I think people are missing the link between ArtsEmerson and what Robert Orchard has created with Emerson College. The past two years, Boston theater goers have been exposed to some of the most exciting, cutting edge, new works we've seen in years. It has revived the younger generation of artists here. David and Polly will marry what they are doing with the work that Robert's already been doing. It's not going to be shoved into a University office. It's going to be work that gets actualized in a really exciting way. I loved Arena when I lived in DC and I know they will continue to be pioneers - but selfishly, things are about to get really interesting in Boston.

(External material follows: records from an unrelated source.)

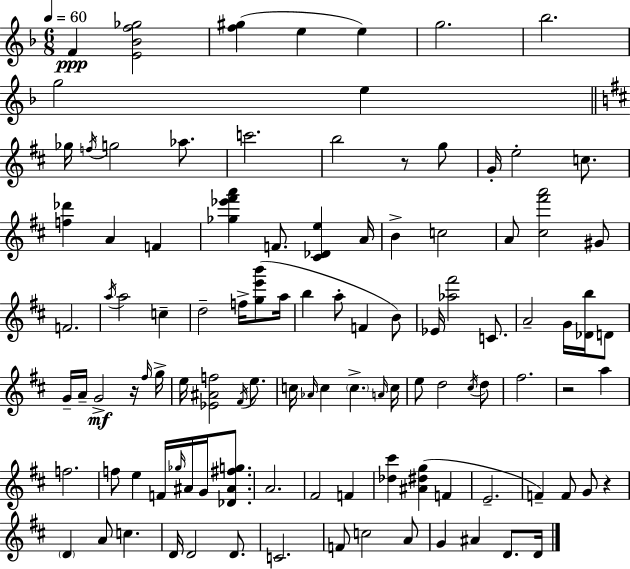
{
  \clef treble
  \numericTimeSignature
  \time 6/8
  \key d \minor
  \tempo 4 = 60
  f'4\ppp <e' bes' f'' ges''>2 | <f'' gis''>4( e''4 e''4) | g''2. | bes''2. | \break g''2 e''4 | \bar "||" \break \key d \major ges''16 \acciaccatura { f''16 } g''2 aes''8. | c'''2. | b''2 r8 g''8 | g'16-. e''2-. c''8. | \break <f'' des'''>4 a'4 f'4 | <ges'' ees''' fis''' a'''>4 f'8. <cis' des' e''>4 | a'16 b'4-> c''2 | a'8 <cis'' fis''' a'''>2 gis'8 | \break f'2. | \acciaccatura { a''16 } a''2 c''4-- | d''2-- f''16-> <g'' e''' b'''>8( | a''16 b''4 a''8-. f'4 | \break b'8) ees'16 <aes'' fis'''>2 c'8. | a'2-- g'16 <des' b''>16 | d'8 g'16-- a'16-- g'2->\mf | r16 \grace { fis''16 } g''16-> e''16 <ees' ais' f''>2 | \break \acciaccatura { fis'16 } e''8. c''16 \grace { aes'16 } c''4 \parenthesize c''4.-> | \grace { a'16 } c''16 e''8 d''2 | \acciaccatura { cis''16 } d''8 fis''2. | r2 | \break a''4 f''2. | f''8 e''4 | f'16 \grace { ges''16 } ais'16 g'16 <des' ais' fis'' g''>8. a'2. | fis'2 | \break f'4 <des'' cis'''>4 | <ais' dis'' g''>4( f'4 e'2.-- | f'4--) | f'8 g'8 r4 \parenthesize d'4 | \break a'8 c''4. d'16 d'2 | d'8. c'2. | f'8 c''2 | a'8 g'4 | \break ais'4 d'8. d'16 \bar "|."
}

Why is our field so distrustful of Research and Development? Everything, including academic theatre, is focused on do do do, and the result, I'm sorry to say, is a lot of do-do. Being mired in the status quo of production forces the minds of people in the profession to be unable to conceive of new ideas, new approaches, new business models. The fact is that academic theatre programs aren't academic -- they'd be better off, in my opinion, if they were. Instead, they are focused on "training" (instead of education) young people for "the profession" (a misnomer if ever there was one in a field in which 60% of Equity actors didn't work at all in the previous year). We need a reset, and I hope that, by making this move, the original minds possessed by Dower and Carl will have the freedom to actually think new thoughts and make an impact on the arts world.

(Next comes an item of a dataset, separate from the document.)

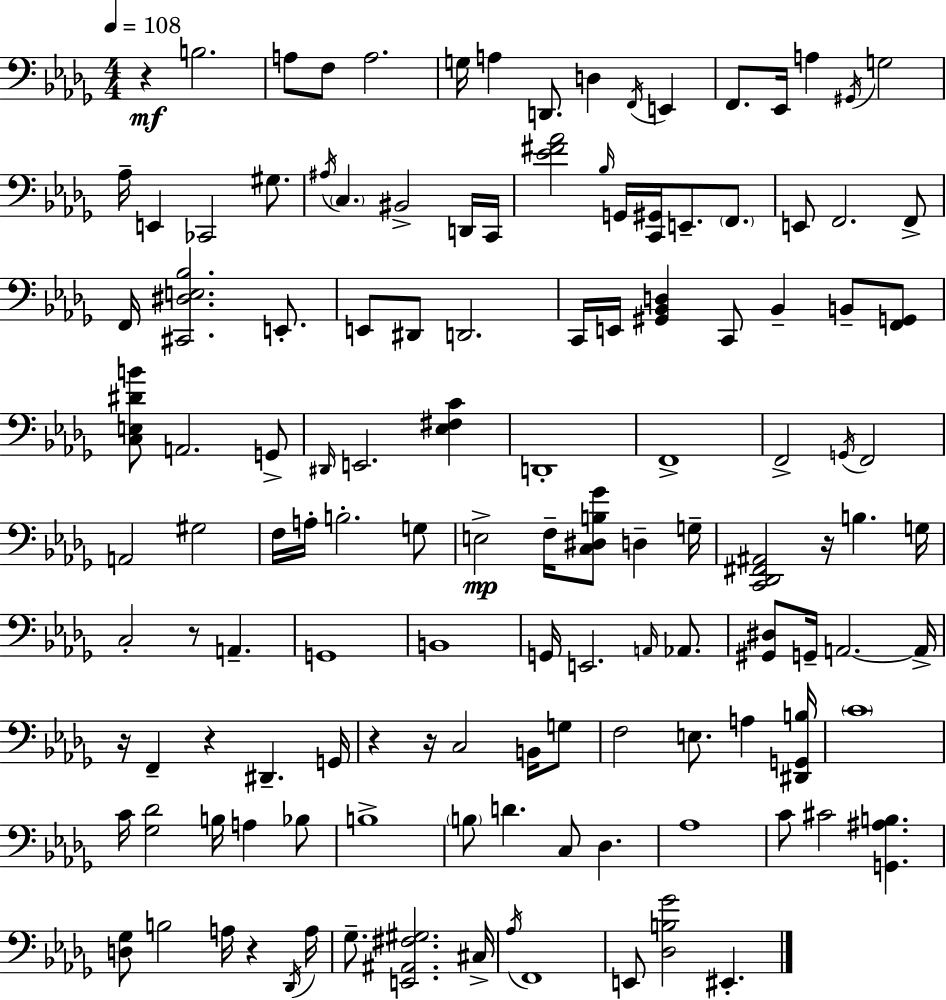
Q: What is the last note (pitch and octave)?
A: EIS2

While I am encouraged that David and Polly remain the driving forces behind this initiative, I am fearful that the move to an academic institution will make the work they do... well... academic. By being divorced from the neccistudes of actually producing new work any effort put forth will be subject to dismissal by the very institutional structure so much of the #newplay community has been so critical of. Even within the walls of an institution, this ongoing conversation has struck me as too often dominated by those whose understanding and experience of producing is limited. This seems like the surest way of continuing that trend and letting the status quo off the hook. When the institute was part and parcel of a producing organization, they were able to quickly implement ideas and try them out in the real world. To be critical of the residencies is to ignore the fact that they were born directly out of the conversations that were started by the institute. They weren't just talking the talk, they were walking the walk.

Change can be good. And I'll keep my fingers crossed that it works out well. Certainly, I trust David and Polly to continue to do good and interesting work. I just hope they can continue to speak to those who need to listen as opposed to just those who want to.

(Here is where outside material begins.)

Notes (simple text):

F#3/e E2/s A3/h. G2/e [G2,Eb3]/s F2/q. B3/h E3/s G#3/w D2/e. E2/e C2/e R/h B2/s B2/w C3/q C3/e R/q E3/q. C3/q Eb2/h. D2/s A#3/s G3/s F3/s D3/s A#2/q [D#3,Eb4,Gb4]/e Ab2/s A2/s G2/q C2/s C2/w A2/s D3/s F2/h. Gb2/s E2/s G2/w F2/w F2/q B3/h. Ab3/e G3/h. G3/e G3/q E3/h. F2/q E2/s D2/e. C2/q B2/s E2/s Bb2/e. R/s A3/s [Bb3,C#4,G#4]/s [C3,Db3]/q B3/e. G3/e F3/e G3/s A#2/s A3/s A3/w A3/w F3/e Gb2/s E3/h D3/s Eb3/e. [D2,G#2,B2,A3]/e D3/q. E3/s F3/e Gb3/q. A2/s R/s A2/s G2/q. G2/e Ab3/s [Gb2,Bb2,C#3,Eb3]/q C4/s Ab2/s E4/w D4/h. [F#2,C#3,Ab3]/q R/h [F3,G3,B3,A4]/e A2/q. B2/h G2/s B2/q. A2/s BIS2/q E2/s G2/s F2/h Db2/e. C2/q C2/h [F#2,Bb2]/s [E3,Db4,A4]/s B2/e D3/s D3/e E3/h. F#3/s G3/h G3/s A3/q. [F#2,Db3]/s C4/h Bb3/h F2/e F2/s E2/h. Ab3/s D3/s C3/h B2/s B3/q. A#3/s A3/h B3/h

As an Emerson alum myself, I think this is wonderful. The plays I've released at Ol' EC1880 were part of what kept me in the theater. If Arena embraces not just space but the student population, they'll reap the rewards in spades.

Change is good. Perhaps the field needs this as a shot in the arm to create positive change. I think it is important that the AVNPI stays separate from a major producing theater. Or at least that certain components of it remain separate. One such reason, in my mind,is that under the umbrella of Emerson, the Institute is able to engage a more diverse group of artists and concerns, independent of the needs and interest of a major institutional theater. Also I think this provides greater transperancy regarding the purpose of the different components of the New Play Institute. For instance there has been some debate over how writers were chosen for the residencies. I believe this is an area that needed to be based on the most practical and realistic needs of Arena Stage. Same with the Producing Fellowships. There are very precise skills and abilities needed to make these programs work. It is not a place to LEARN in that way. I completely understand that. And this change means David and Polly can serve and rep the Institute, without any of the literary management/play submissions baggage that comes with it. Hopefully this will allow the program to grow in healthy and necessary ways.

I have the same question as Monica, although I am encouraged that David's energy towards it will stay consistent. I was very jazzed to talk to people through your sites who are inside of the new play development world. If this can be a great online mixer for professionals and students as well, great.

Will being based at an academic institution really enable frank discourse and criticism more than being at Arena did? Academia seems like its own trap, with different threats to openness, but threats nonetheless. (Class-based accessibility being the first that comes to mind.)

I'm sure you all discussed this in negotiating the move, so I'm interested in what you thought about that.